President Obama today commuted the federal prison sentences of 95 men and women, all but two of them drug offenders serving draconian sentences. He also issued pardons for two people who have already served their sentences.
This single step nearly doubles the number of sentence commutations the president has issued in his seven years in office, bringing the total to 184. While that is a tiny fraction of the hundred thousand drug offenders serving federal time, the number of commutations is more than the previous five presidents combined.
Recent Republican presidents have tended to be stingier with the commutation power than recent Democrats. Jimmy Carter commuted 29 sentences and Bill Clinton commuted 61, but Ronald Reagan only commuted 13 and the Bush father and son team only commuted 14 between them.
Commutations apply to prisoners who are still serving their sentences, while pardons apply to those who have already completed them. The prisoners whose sentences were commuted today are set to walk out of prison next April.

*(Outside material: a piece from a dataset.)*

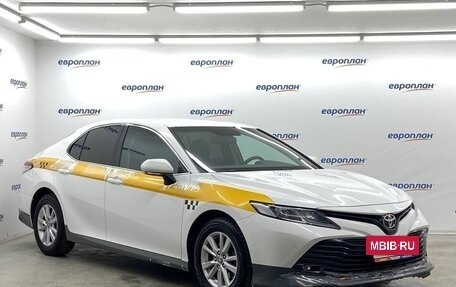 Toyota Camry, 2020 год, 2 124 000 рублей, 2 фотография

"Most of the commutations the President has granted have been to nonviolent offenders sentenced under those unjust -- and now outdated -- drug crime sentencing rules," the White House said as it announced the commutations today. "If these individuals had been convicted for the exact same crime under today's laws, nearly all of them would have already finished serving their time."
The president sent a personal letter to each of the 95 people receiving a commutation: "I am granting your application because you have demonstrated the potential to turn your life around," he wrote. "Now it is up to you to make the most of this opportunity. It will not be easy and you will confront many who doubt people with criminal records can change… But remember that you have the capacity to make good choices. By doing so you will affect not only your life, but the lives of those around you. You will also influence, by your example, the possibility that others in your circumstances get their second chance in the future."
President Obama has taken other steps to address harsh drug war sentencing, including supporting and signing the Fair Sentencing Act, which reduced the disparity in crack and powder cocaine sentencing; creating a task force on 21st Century policing, and launching the Smart on Crime initiative, which includes the Justice Department modifying its policies on mandatory minimum sentencing.
Last year, he signaled that he wanted to make broader use of the clemency power, and Deputy Attorney General James Cole laid out criteria for those who would qualify. Those include people who are nonviolent, low-level offenders without significant ties to large gangs or cartels who have served at least 10 years of their sentence, have no other significant criminal history, have shown good conduct in prison, have no history of violence, and who would like have received a significantly lower sentence if sentenced today.
Since then, a consortium of lawyers calling itself Clemency Project 2014 has volunteered to handle and help process clemency requests. Tens of thousands of federal prisoners have responded. While President Obama has commuted more sentences than any recent president, there are thousands more that meet the criteria. He has one more year to exercise his commutation power.